Make an exact copy of all the data, pictures excluded.

####################

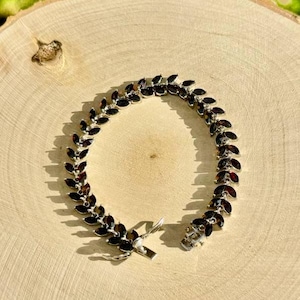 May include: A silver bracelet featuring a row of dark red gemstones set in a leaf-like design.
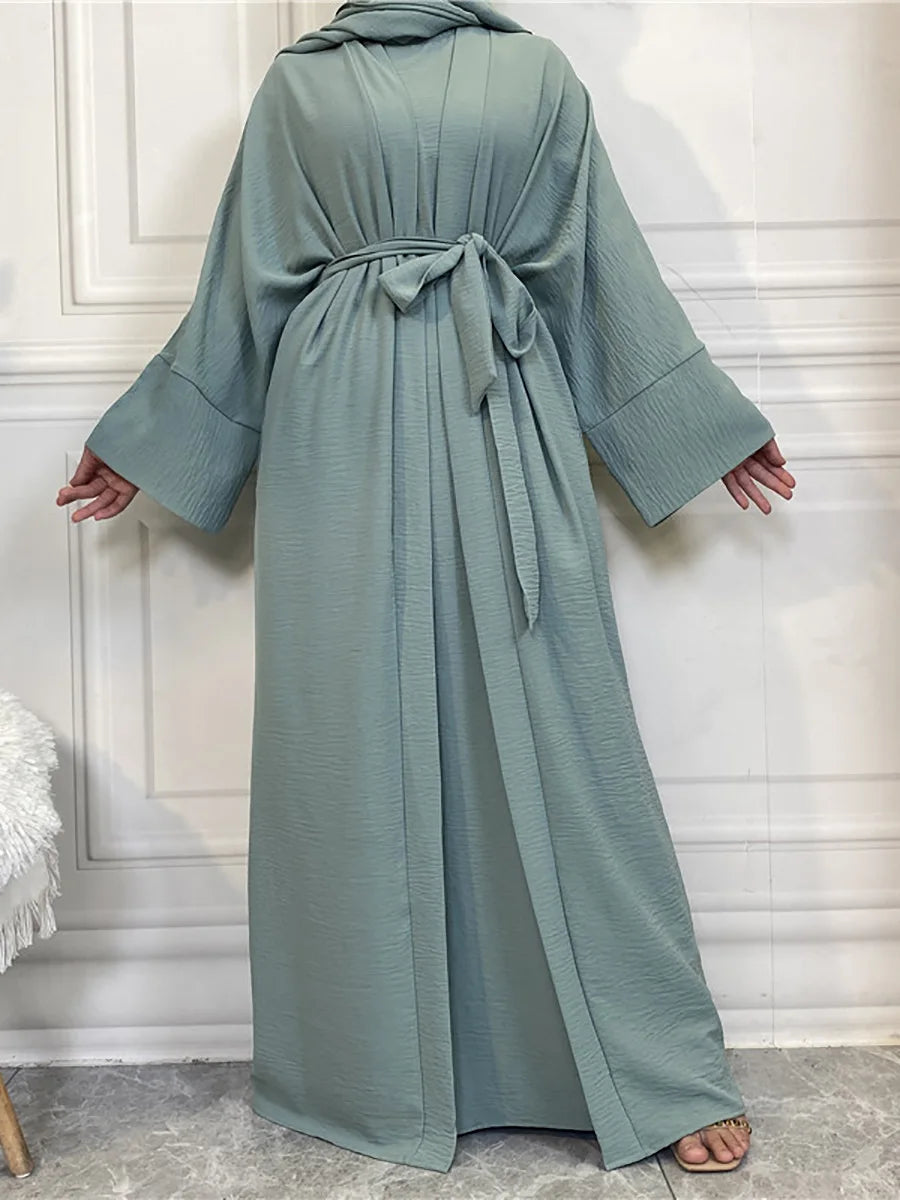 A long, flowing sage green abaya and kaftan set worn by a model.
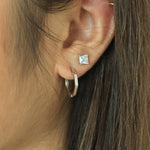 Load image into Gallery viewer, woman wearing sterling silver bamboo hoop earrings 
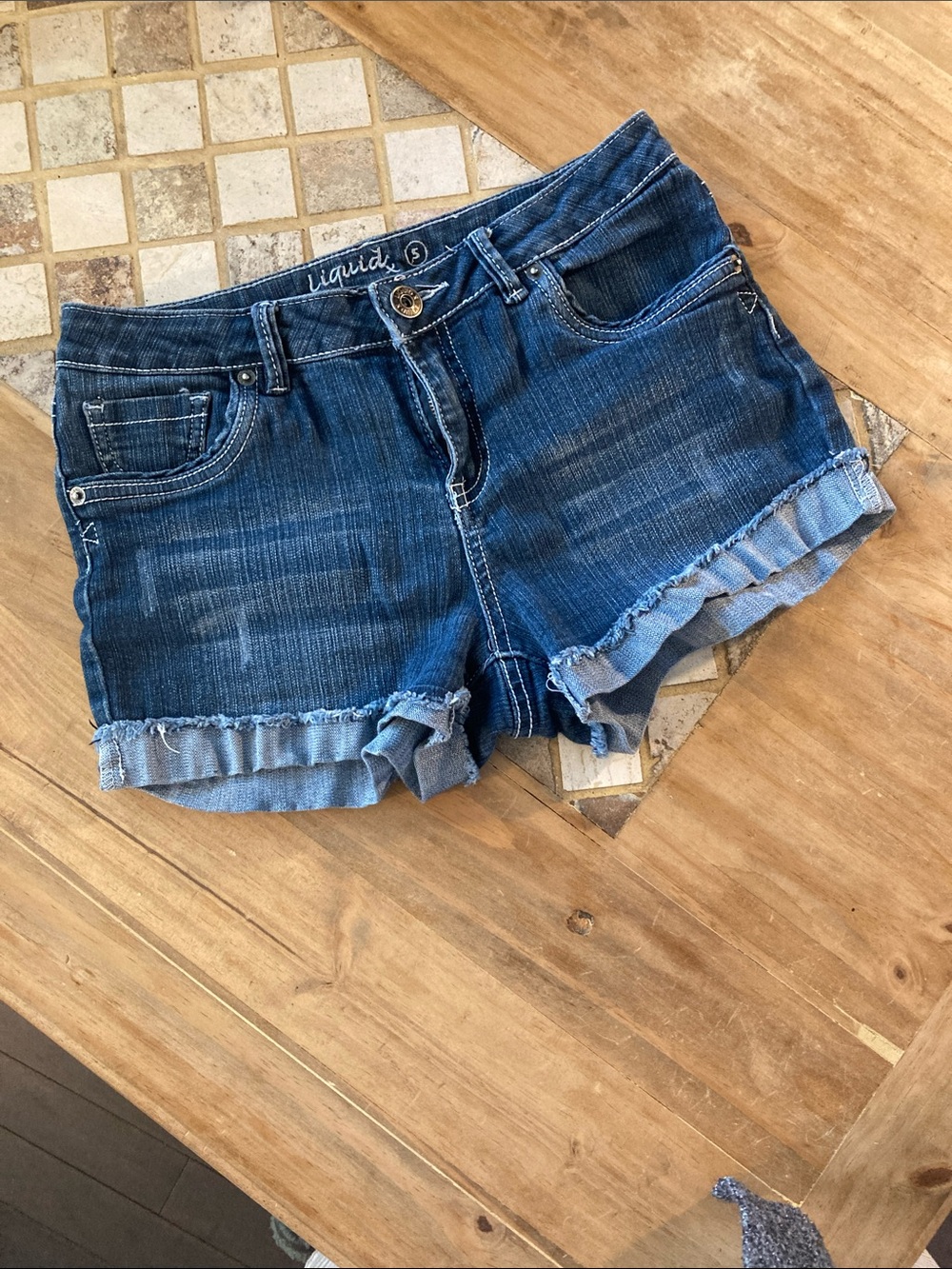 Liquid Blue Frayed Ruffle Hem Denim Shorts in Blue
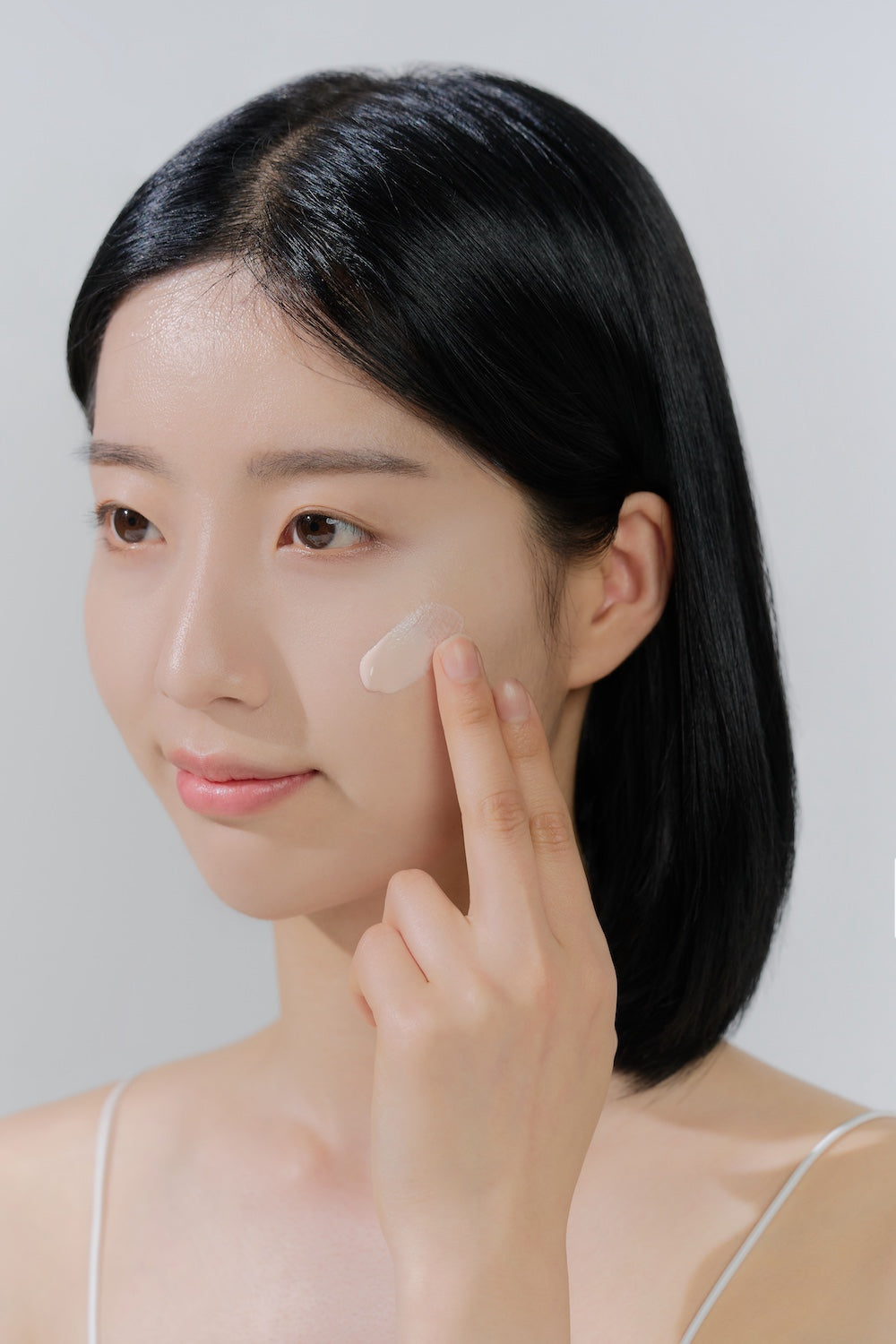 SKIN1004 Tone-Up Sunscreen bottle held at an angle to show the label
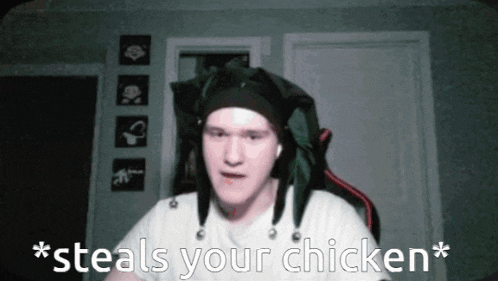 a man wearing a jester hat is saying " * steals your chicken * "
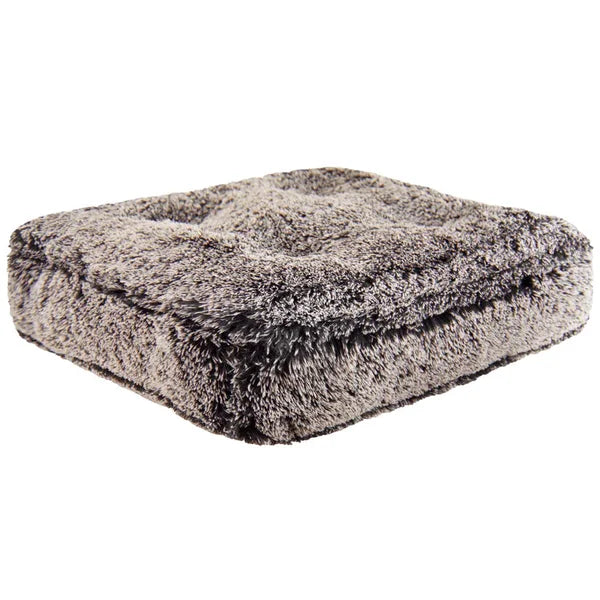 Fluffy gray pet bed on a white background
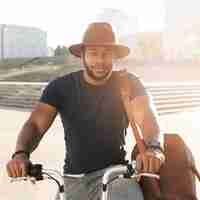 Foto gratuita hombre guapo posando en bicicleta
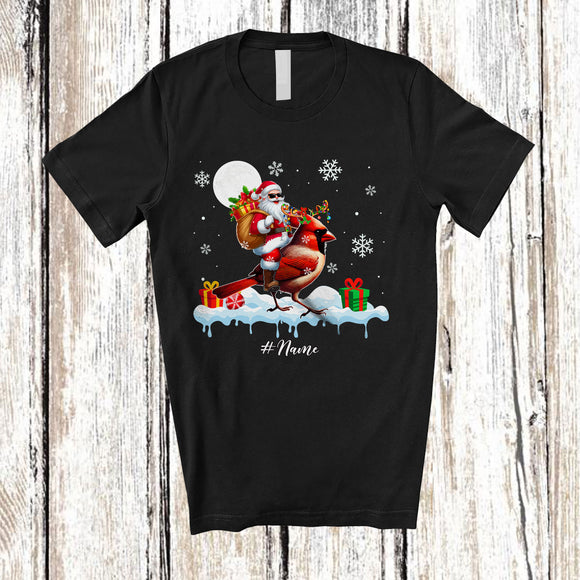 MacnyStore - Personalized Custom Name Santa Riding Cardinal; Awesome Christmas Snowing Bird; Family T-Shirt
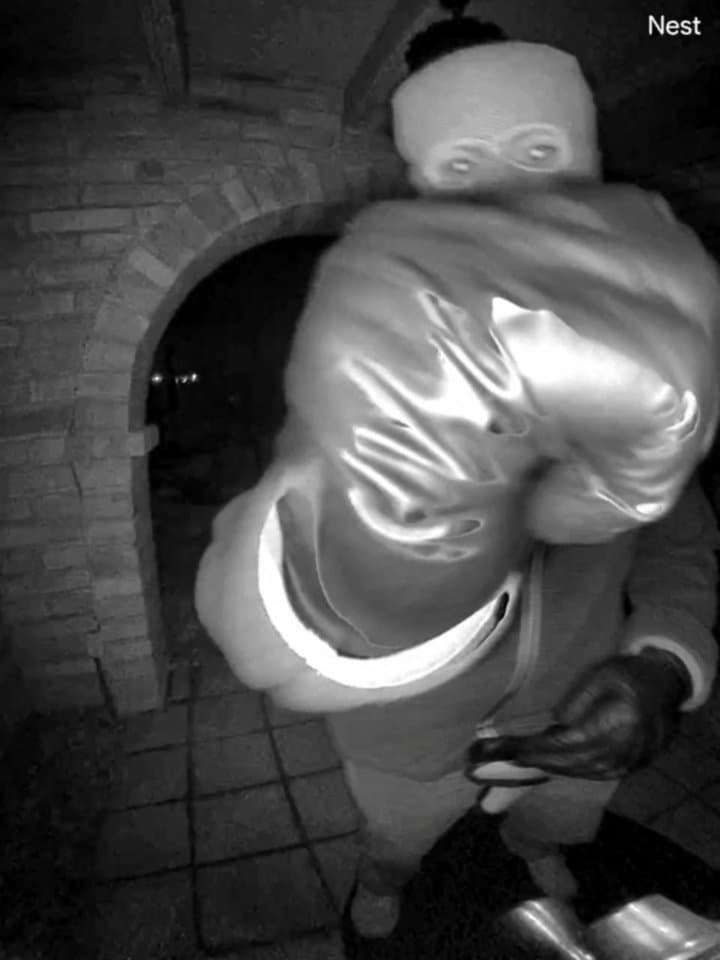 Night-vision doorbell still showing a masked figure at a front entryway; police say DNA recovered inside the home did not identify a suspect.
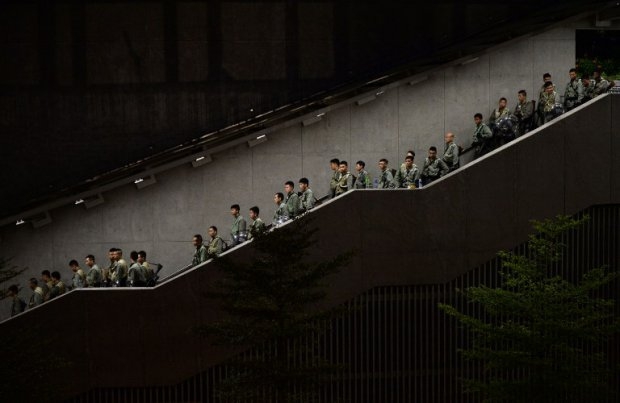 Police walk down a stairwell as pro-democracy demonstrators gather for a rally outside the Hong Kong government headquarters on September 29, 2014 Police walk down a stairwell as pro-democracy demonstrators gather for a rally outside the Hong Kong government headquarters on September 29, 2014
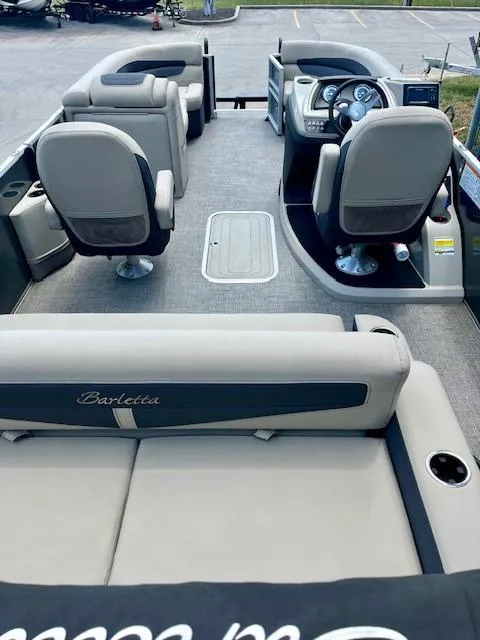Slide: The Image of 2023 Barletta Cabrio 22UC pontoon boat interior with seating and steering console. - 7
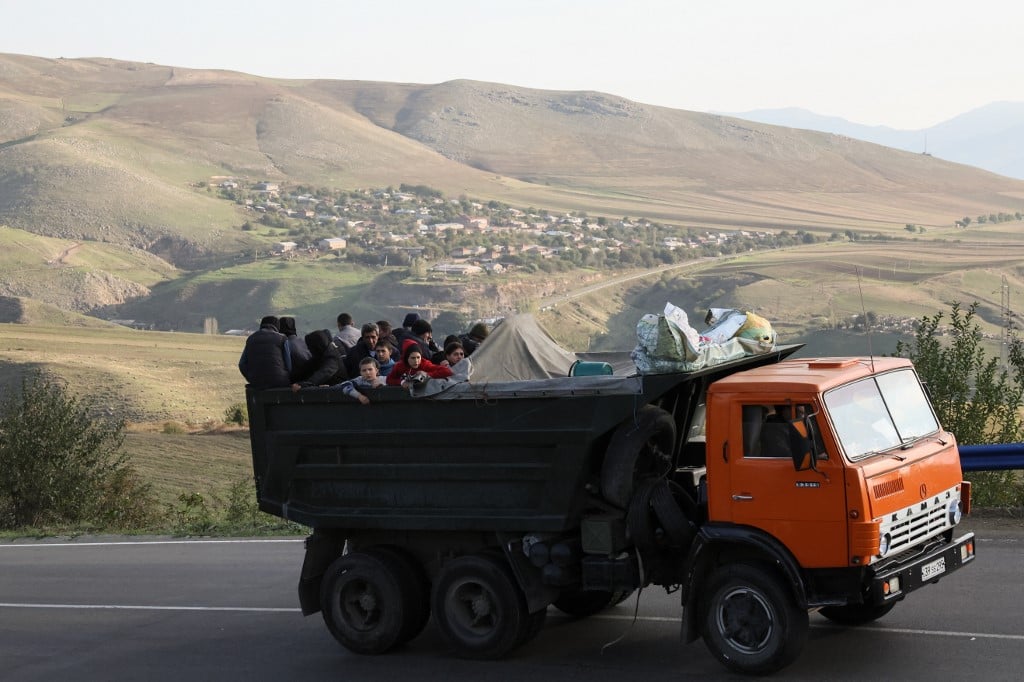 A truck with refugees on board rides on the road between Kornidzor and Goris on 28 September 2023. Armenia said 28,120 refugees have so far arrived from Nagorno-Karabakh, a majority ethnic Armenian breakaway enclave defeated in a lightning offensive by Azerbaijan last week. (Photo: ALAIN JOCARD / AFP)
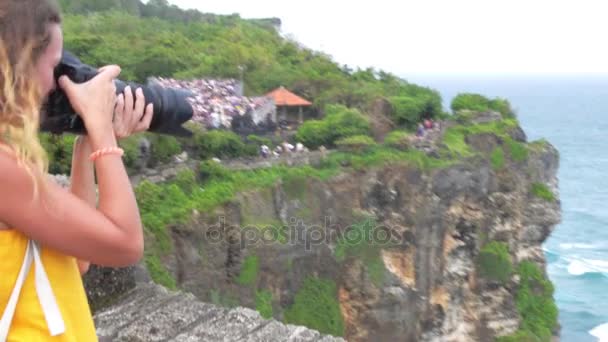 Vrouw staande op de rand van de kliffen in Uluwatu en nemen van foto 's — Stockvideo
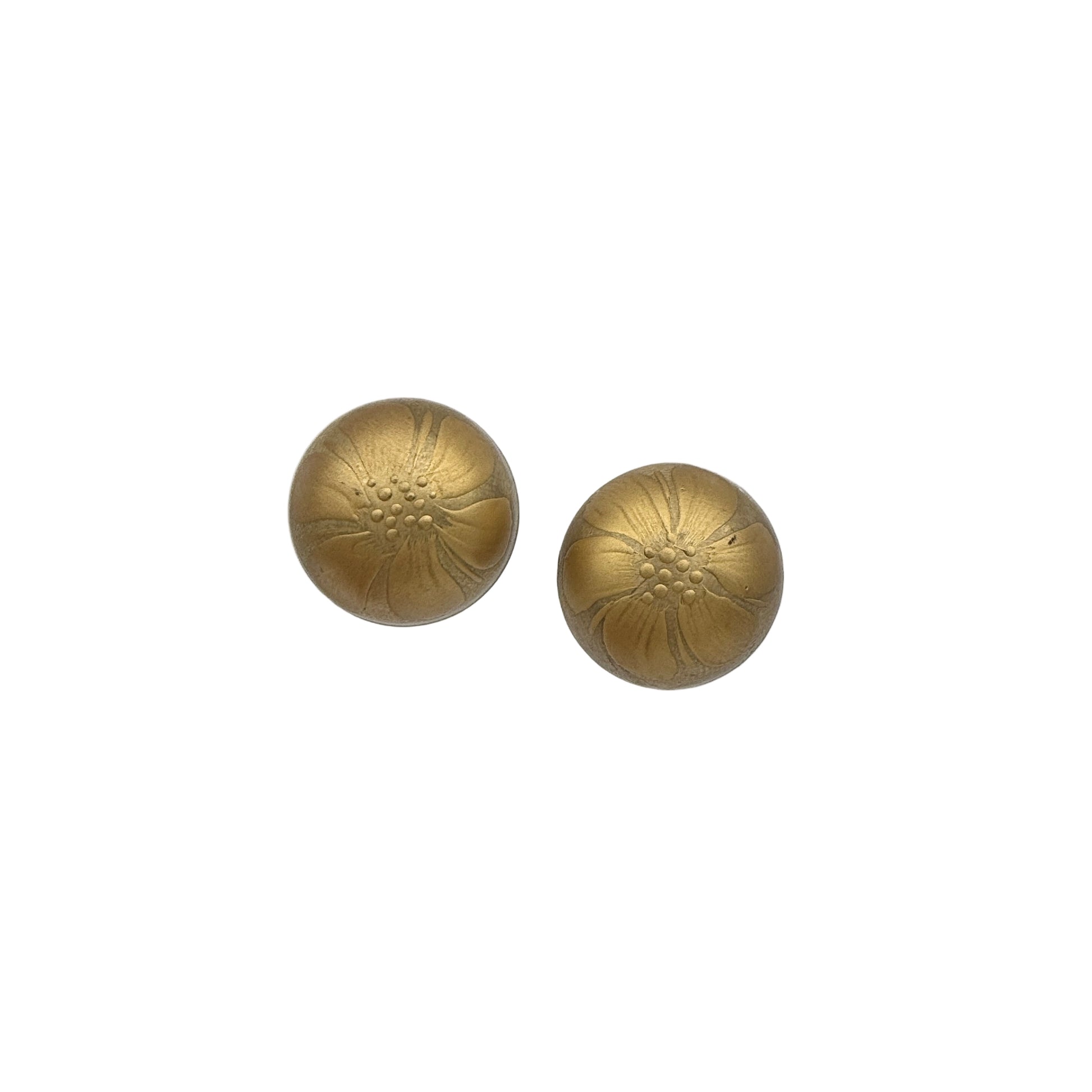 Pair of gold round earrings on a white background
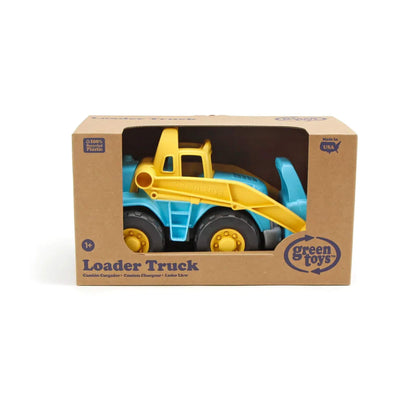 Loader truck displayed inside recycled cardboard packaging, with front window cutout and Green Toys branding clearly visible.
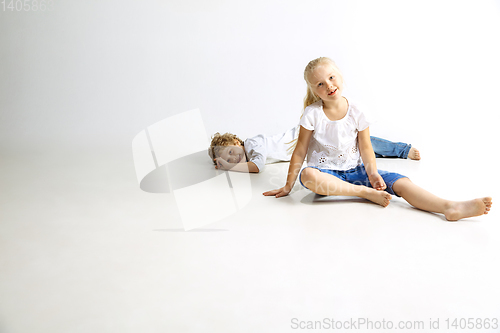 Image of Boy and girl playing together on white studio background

####################

• Answer box
 May include: A silver bracelet featuring a row of dark red gemstones set in a leaf-like design.
 A long, flowing sage green abaya and kaftan set worn by a model.
 Load image into Gallery viewer, woman wearing sterling silver bamboo hoop earrings 
 Liquid Blue Frayed Ruffle Hem Denim Shorts in Blue
 SKIN1004 Tone-Up Sunscreen bottle held at an angle to show the label
 a man wearing a jester hat is saying " * steals your chicken * "
 Fluffy gray pet bed on a white background
 Foto gratuita hombre guapo posando en bicicleta
 MacnyStore - Personalized Custom Name Santa Riding Cardinal; Awesome Christmas Snowing Bird; Family T-Shirt
 Night-vision doorbell still showing a masked figure at a front entryway; police say DNA recovered inside the home did not identify a suspect.
 Police walk down a stairwell as pro-democracy demonstrators gather for a rally outside the Hong Kong government headquarters on September 29, 2014 Police walk down a stairwell as pro-democracy demonstrators gather for a rally outside the Hong Kong government headquarters on September 29, 2014
Slide: The Image of 2023 Barletta Cabrio 22UC pontoon boat interior with seating and steering console. - 7
 A truck with refugees on board rides on the road between Kornidzor and Goris on 28 September 2023. Armenia said 28,120 refugees have so far arrived from Nagorno-Karabakh, a majority ethnic Armenian breakaway enclave defeated in a lightning offensive by Azerbaijan last week. (Photo: ALAIN JOCARD / AFP)
 Vrouw staande op de rand van de kliffen in Uluwatu en nemen van foto 's — Stockvideo
 Pair of gold round earrings on a white background
 Loader truck displayed inside recycled cardboard packaging, with front window cutout and Green Toys branding clearly visible.
 Image of Boy and girl playing together on white studio background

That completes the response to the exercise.